Cribbing simonw/datasette-jellyfish, a Datasette plugin that adds jellyfish functions to SQLite queries in datasette that we can use at least in the SELECT part of a query, we can add the functions to SQLite with the following:

# Crib from https://github.com/simonw/datasette-jellyfish

import jellyfish

one_args = (
    # Phonetic
    # https://jellyfish.readthedocs.io/en/latest/phonetic.html
    "soundex",
    "metaphone",
    "nysiis",
    "match_rating_codex",
    # Stemming
    # https://jellyfish.readthedocs.io/en/latest/stemming.html
    "porter_stem",
)
two_args = (
    # String Comparison
    # https://jellyfish.readthedocs.io/en/latest/comparison.html
    "levenshtein_distance",
    "damerau_levenshtein_distance",
    "hamming_distance",
    "jaro_similarity",
    "jaro_winkler_similarity",
    "match_rating_comparison",
)

# `db` is a sqlite_utils Database object
from sqlite_utils import Database
db = Database('test.db')
# For in memory db, use: db = Database(memory=True)

for fn in one_args:
    db.conn.create_function(fn, 1, getattr(jellyfish, fn))
for fn in two_args:
    db.conn.create_function(fn, 2, getattr(jellyfish, fn))

Functions that set default values for parameters can be defined using .conn.create_function(NAME, -1, FUNCTION). These functions can have 1, 2 or 3 parameters.

We can then use the function as part of a query:

# `db` is a sqlite_utils Database object
db["my_table"].create({"id": int, "txt": str,}, pk="id")
db["my_table"].insert({"id":1, "txt": "sin eater in Wales."})
db["my_table"].insert({"id":2, "txt": "The bin eater."})

for i in db.query("SELECT txt, levenshtein_distance('sin eater', txt) AS dist FROM my_table WHERE levenshtein_distance('sin eater', txt) < 10"):
    print(i)

This limits us to “exact matching” near miss phrases or terms, rather than finding near miss phrases within a larger text.

The fuzzysearch package provides a simple function for finding matches based on maximum Levenshtein distance (max_l_dist), maximum number of substitutions (max_substitutions), maximum number of deletions / skipped characters in the sub-sequence (max_deletions), maximum number of insertions / skipped characters in a sequence (max_insertions).

#%pip install fuzzysearch
from fuzzysearch import find_near_matches

# search for 'PATTERN' with a maximum Levenshtein Distance of 2
find_near_matches('PATTERN', '---PATERN---PATEN----PATN--PATREN-', max_l_dist=2)
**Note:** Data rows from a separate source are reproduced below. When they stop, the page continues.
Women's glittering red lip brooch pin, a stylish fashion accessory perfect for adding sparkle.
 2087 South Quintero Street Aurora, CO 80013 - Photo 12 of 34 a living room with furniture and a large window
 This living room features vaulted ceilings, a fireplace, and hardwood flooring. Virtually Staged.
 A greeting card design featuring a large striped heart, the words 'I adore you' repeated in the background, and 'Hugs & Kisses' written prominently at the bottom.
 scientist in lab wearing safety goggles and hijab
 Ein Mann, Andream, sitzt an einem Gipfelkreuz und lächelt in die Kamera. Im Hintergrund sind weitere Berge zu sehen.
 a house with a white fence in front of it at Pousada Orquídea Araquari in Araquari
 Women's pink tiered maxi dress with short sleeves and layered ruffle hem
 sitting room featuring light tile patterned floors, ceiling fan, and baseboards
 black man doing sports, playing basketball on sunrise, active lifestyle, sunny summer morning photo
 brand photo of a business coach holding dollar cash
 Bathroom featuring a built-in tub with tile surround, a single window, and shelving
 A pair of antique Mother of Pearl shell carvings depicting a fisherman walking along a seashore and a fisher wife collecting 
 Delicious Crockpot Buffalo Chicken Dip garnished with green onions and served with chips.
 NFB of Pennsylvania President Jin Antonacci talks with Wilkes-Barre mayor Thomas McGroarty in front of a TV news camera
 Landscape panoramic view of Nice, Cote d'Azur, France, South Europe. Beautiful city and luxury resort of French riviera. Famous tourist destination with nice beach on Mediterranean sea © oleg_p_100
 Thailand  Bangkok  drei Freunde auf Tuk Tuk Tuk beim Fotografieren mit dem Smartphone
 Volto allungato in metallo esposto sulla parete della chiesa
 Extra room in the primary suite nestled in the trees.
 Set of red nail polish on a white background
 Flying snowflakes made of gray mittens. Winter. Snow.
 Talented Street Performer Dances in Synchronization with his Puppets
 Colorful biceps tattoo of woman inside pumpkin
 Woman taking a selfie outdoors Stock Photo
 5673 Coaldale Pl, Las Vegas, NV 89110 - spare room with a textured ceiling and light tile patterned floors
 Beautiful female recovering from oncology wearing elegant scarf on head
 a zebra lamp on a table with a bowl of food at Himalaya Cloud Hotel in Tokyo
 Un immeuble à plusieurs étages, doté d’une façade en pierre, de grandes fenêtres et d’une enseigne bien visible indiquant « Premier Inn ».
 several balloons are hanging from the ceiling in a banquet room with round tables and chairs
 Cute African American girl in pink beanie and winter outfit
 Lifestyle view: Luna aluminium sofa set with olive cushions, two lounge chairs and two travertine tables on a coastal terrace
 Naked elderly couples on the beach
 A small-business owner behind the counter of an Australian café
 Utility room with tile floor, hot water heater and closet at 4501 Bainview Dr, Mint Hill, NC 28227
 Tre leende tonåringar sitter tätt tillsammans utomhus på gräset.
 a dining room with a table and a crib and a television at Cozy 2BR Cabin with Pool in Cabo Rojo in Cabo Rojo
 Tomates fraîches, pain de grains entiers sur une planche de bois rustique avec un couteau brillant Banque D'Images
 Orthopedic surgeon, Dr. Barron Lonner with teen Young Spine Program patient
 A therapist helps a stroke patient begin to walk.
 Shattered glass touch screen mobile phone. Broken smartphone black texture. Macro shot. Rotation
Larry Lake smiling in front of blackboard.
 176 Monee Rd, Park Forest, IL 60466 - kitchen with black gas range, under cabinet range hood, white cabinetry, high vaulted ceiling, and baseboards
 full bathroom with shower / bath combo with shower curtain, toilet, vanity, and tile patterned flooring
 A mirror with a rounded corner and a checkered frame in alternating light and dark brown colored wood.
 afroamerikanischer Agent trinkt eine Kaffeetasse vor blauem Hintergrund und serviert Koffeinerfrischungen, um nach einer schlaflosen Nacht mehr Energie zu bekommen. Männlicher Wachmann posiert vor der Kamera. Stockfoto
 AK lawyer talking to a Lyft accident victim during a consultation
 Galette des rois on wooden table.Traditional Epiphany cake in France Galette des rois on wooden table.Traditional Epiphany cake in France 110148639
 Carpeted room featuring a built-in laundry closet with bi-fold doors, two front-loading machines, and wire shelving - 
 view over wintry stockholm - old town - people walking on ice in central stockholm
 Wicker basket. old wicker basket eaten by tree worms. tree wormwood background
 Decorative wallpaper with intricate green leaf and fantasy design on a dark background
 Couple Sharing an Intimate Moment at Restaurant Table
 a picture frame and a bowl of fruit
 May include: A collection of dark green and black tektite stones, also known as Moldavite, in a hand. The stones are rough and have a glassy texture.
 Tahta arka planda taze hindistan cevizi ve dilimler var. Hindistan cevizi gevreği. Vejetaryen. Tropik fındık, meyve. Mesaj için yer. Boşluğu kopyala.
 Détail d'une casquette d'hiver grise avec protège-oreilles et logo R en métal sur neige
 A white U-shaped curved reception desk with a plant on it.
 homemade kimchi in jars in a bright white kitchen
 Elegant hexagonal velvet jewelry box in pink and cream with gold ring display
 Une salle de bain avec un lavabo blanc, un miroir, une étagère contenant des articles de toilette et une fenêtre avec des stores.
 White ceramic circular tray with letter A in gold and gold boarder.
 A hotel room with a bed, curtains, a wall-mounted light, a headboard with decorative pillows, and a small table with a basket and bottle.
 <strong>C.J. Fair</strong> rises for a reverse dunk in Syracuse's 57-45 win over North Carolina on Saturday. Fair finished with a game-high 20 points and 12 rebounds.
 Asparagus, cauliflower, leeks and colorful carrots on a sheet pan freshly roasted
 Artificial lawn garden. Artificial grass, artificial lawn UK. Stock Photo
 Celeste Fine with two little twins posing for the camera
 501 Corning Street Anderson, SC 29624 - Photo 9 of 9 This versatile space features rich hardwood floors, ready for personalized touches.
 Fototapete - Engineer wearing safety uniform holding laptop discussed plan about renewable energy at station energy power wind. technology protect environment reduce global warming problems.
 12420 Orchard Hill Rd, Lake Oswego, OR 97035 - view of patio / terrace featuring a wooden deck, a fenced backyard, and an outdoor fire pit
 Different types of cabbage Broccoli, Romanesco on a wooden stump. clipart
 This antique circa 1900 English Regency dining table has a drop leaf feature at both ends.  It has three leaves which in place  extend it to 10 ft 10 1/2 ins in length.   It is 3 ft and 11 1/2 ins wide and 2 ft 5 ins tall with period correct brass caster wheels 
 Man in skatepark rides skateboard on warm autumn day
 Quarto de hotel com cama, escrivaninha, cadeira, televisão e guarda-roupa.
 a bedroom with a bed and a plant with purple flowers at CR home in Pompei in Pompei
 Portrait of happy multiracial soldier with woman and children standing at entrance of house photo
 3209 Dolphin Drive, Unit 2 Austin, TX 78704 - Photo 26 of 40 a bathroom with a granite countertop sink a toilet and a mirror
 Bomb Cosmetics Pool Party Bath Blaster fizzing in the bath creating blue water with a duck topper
[Match(start=3, end=9, dist=1, matched='PATERN'),
 Match(start=12, end=17, dist=2, matched='PATEN'),
 Match(start=27, end=33, dist=2, matched='PATREN')]

It could also be interesting to try to take the fuzzysearch.find_near_matches function for use in a SQLite query. Here’s a minimal example:

def find_near_matches2(*args, **kwargs):
    response = find_near_matches(*args, **kwargs, max_l_dist=3)
    if response:
        return response[0].matched
    return ''

# Make function available in SQLite queries
db.conn.create_function('find_near_matches2', 2, find_near_matches2)

# Try a query
for i in db.query("SELECT txt, find_near_matches('sin eater', txt) AS matched FROM my_table WHERE find_near_matches('sin eater', txt) !=''"):
    print(i)

"""
{'txt': 'The is a sin eater in Wales.', 'matched': 'sin eater'}
{'txt': 'The bin eater.', 'matched': 'in eater'}
"""

The question is: what should we really return from this function? And can we parameterise it better?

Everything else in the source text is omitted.